- **ACTIVITY**
In the records below, find the line containing "Fred Perry Poloshirt" and repeat it and every line after it exactly, without pictures.
┄┄┄┄┄┄┄┄┄┄
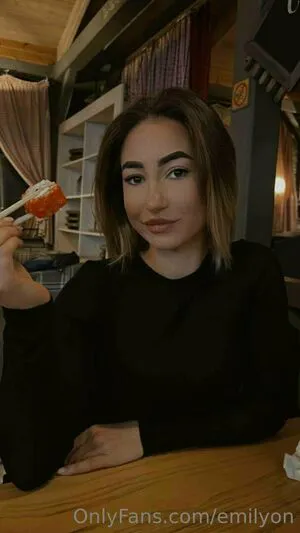 Emilyon OnlyFans Leaked Free Thumbnail Picture - #2UnNvV1lln
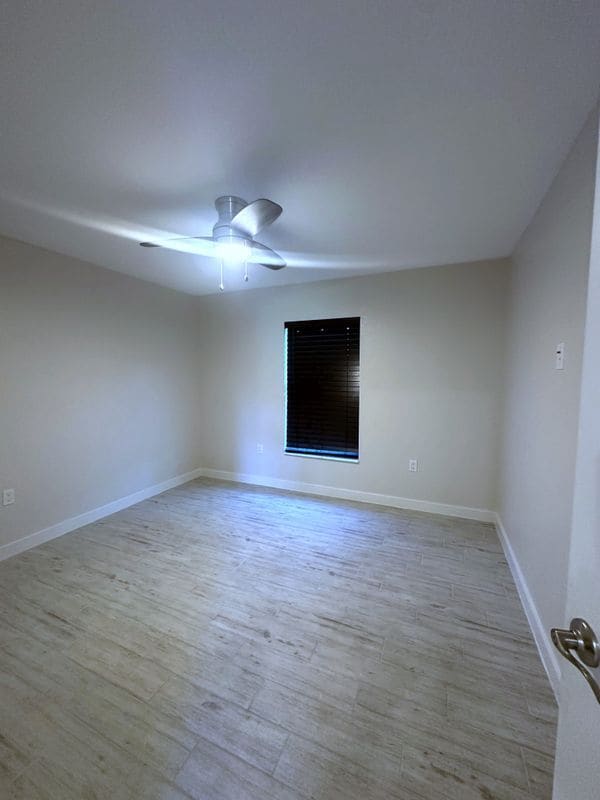 Photo - 334 Azalea Ave NW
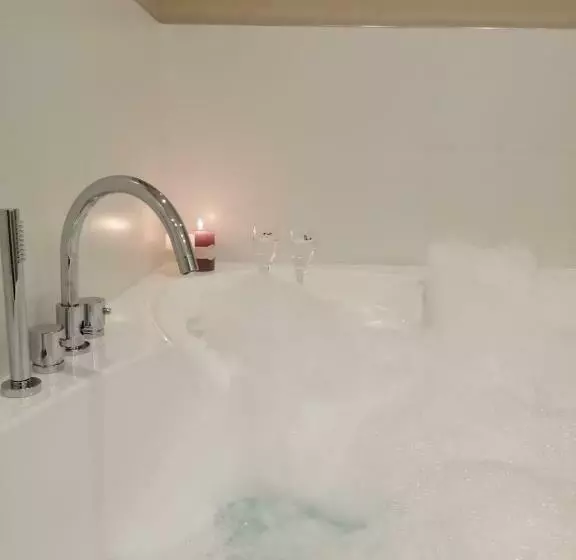 ベッドアンドブレックファースト Casa Vacanza “in Versi “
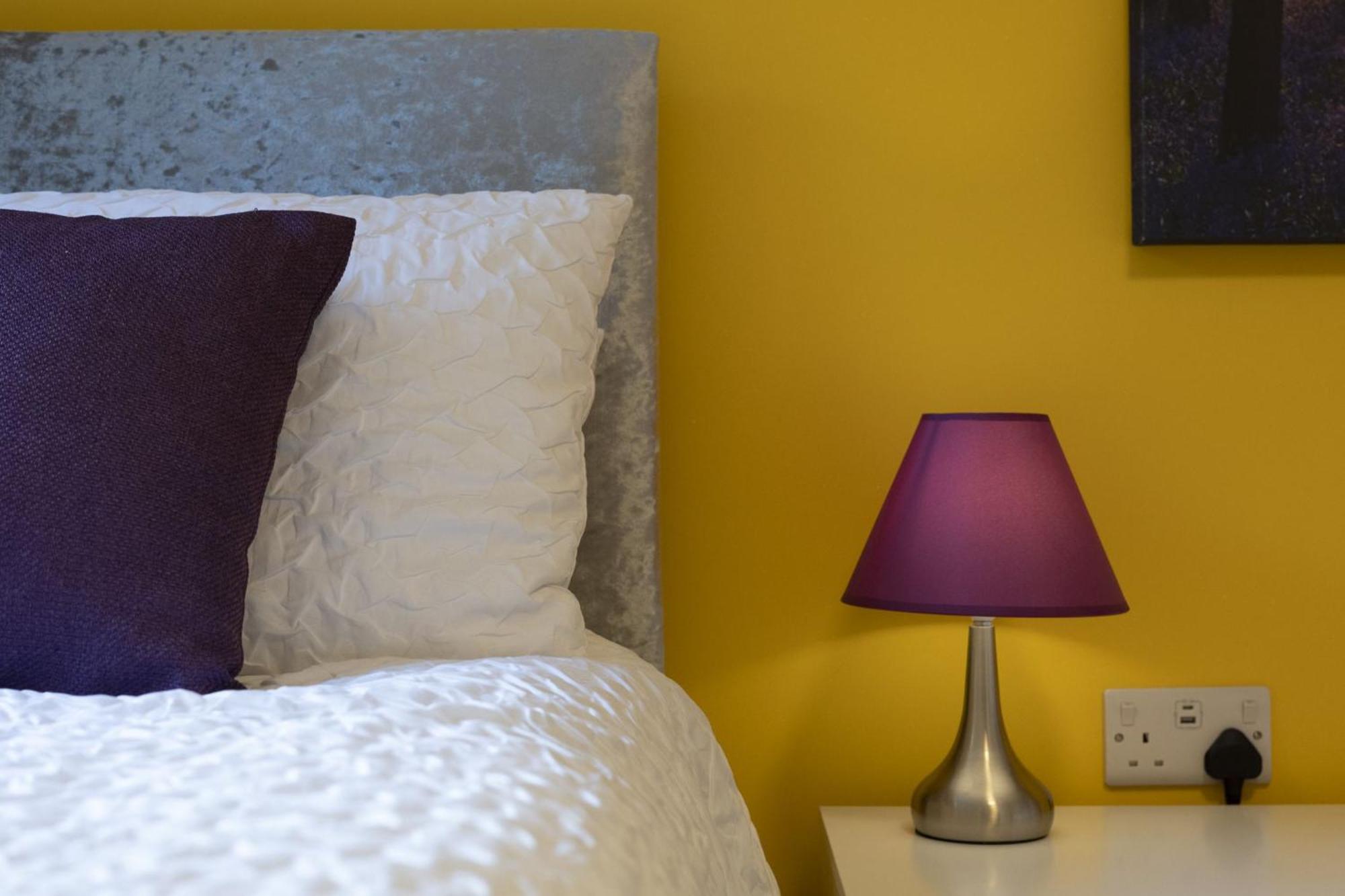 The Hidden Valley - A Stylish Rural Retreat, Perfect For Families St Clears Buitenkant foto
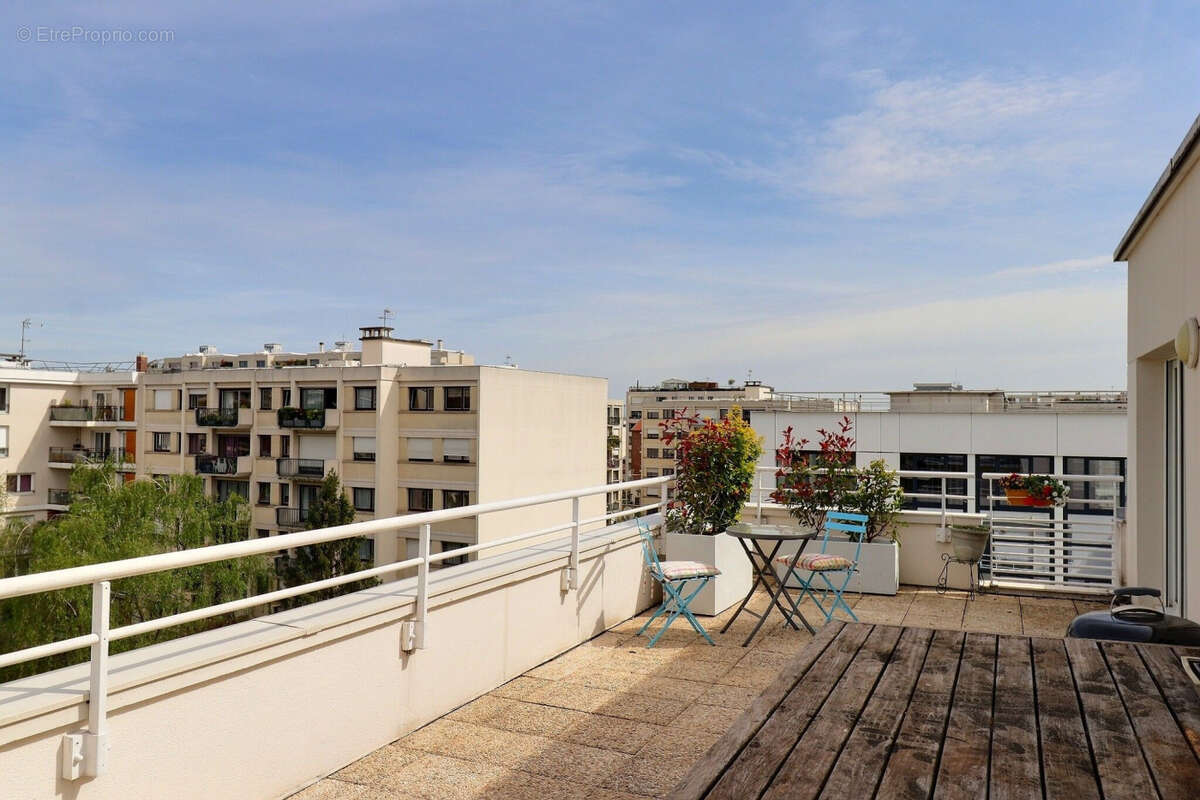 Appartement à COURBEVOIE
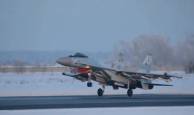 Bukan Omong Kosong, Lihat Jet Tempur Rusia Terbang ke Belarusia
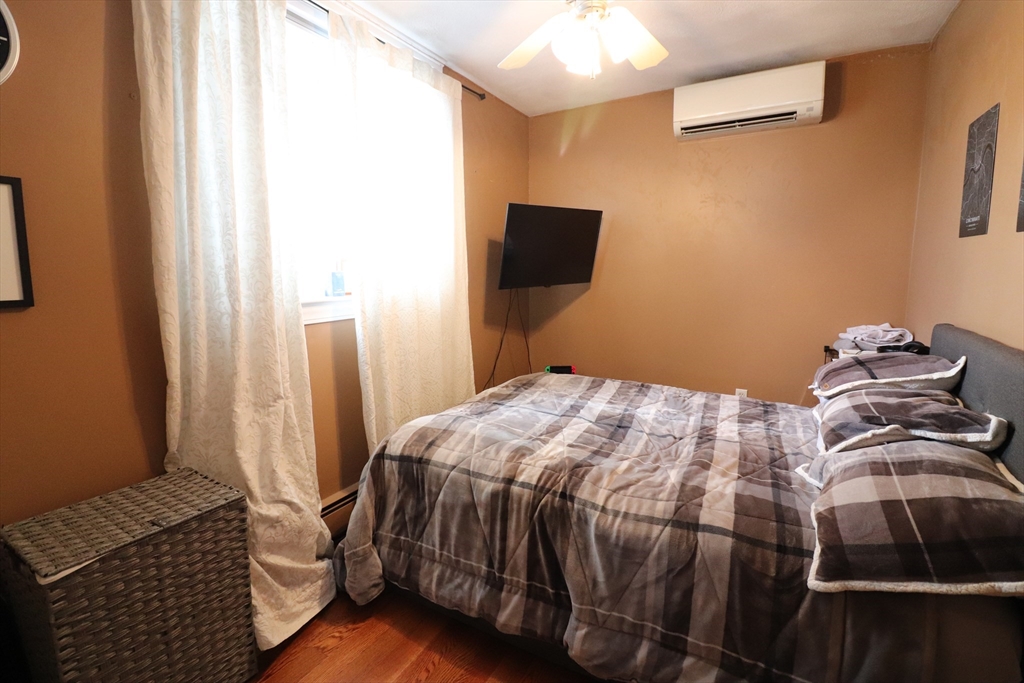 270 E Street, Unit 2 Boston, MA 02127 - Photo 10 of 11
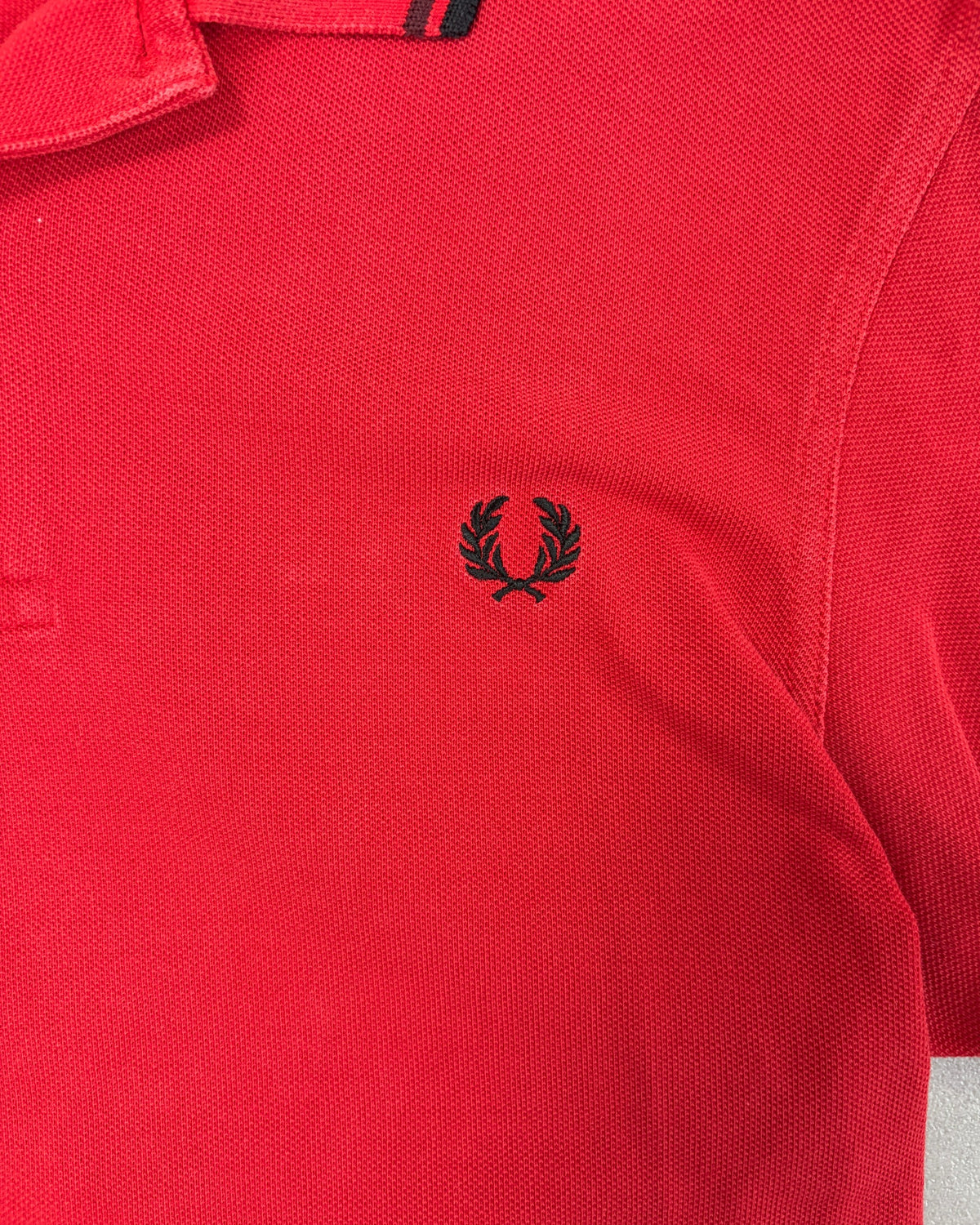 Fred Perry Poloshirt Rot mit schwarzem Tipping – Detail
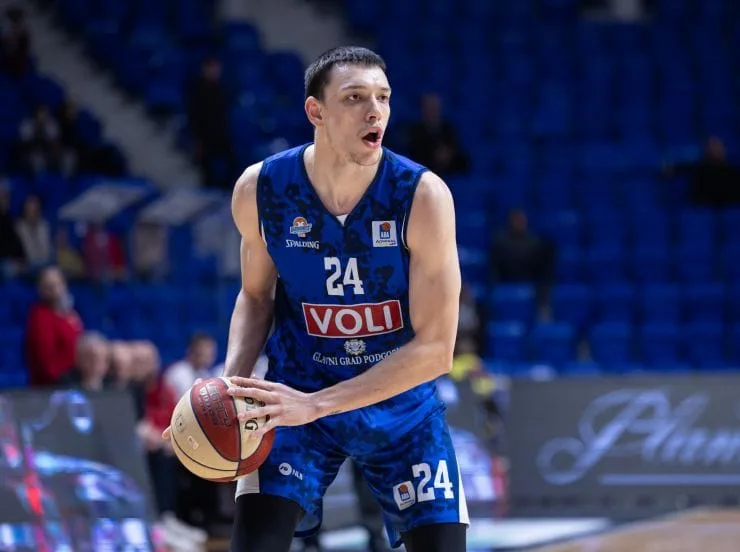 Budućnost ostaje bez kapitena? Tanasković prelazi u Partizan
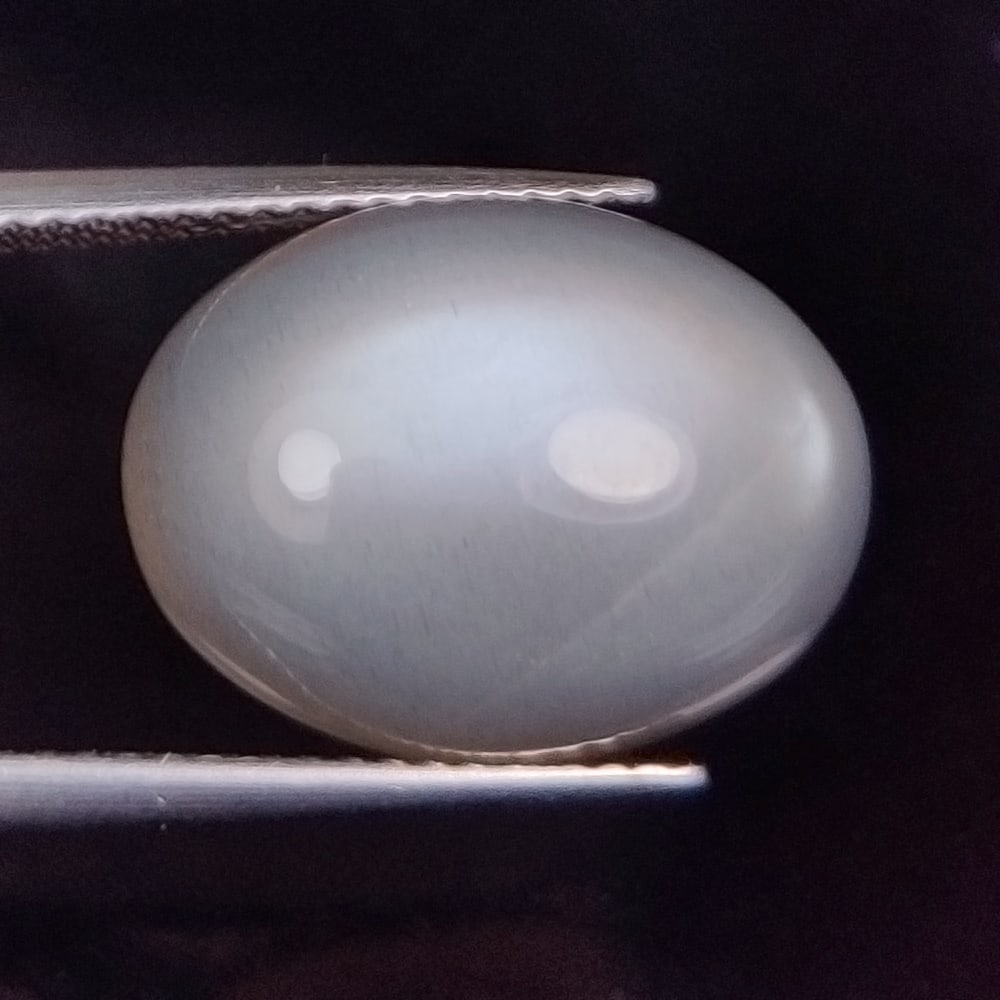 8.85 Ct Natural Moonstone Oval Cab (1 of 2)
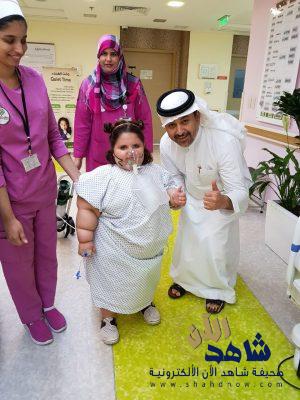 في حالة نادرة ….  د.الودعاني يجري عملية تكميم لطفلة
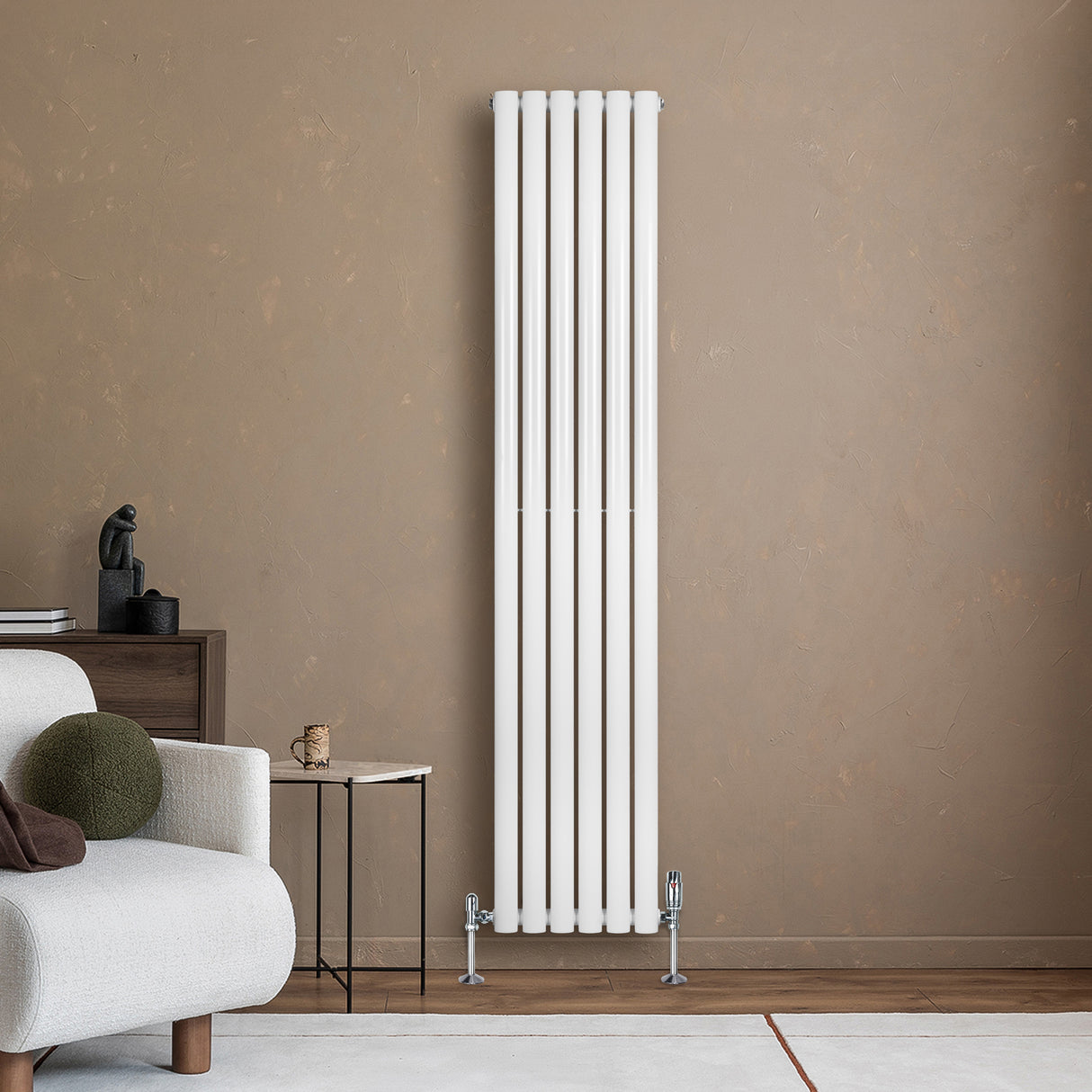 Hochformatiger, weißer Gliederheizkörper mit sechs vertikalen Röhren, elegant an einer beige Wand montiert, neben einem modernen Sofa und Tisch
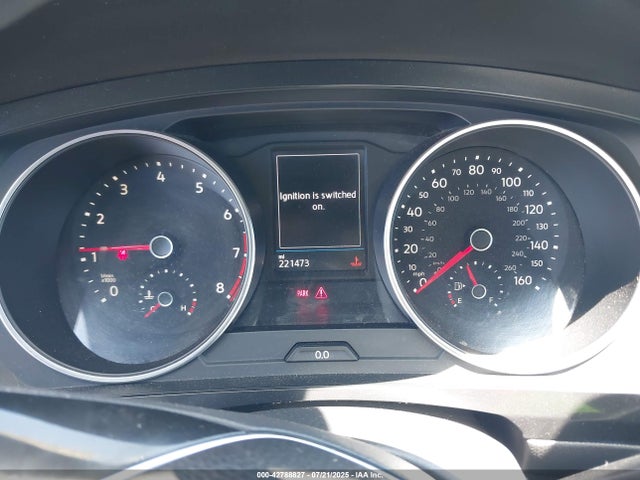 3VV0B7AX0JM206272 Volkswagen Tiguan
┄┄┄┄┄┄┄┄┄┄
- **TASK ANSWER**
 Fred Perry Poloshirt Rot mit schwarzem Tipping – Detail
 Budućnost ostaje bez kapitena? Tanasković prelazi u Partizan
 8.85 Ct Natural Moonstone Oval Cab (1 of 2)
 في حالة نادرة ….  د.الودعاني يجري عملية تكميم لطفلة
 Hochformatiger, weißer Gliederheizkörper mit sechs vertikalen Röhren, elegant an einer beige Wand montiert, neben einem modernen Sofa und Tisch
 3VV0B7AX0JM206272 Volkswagen Tiguan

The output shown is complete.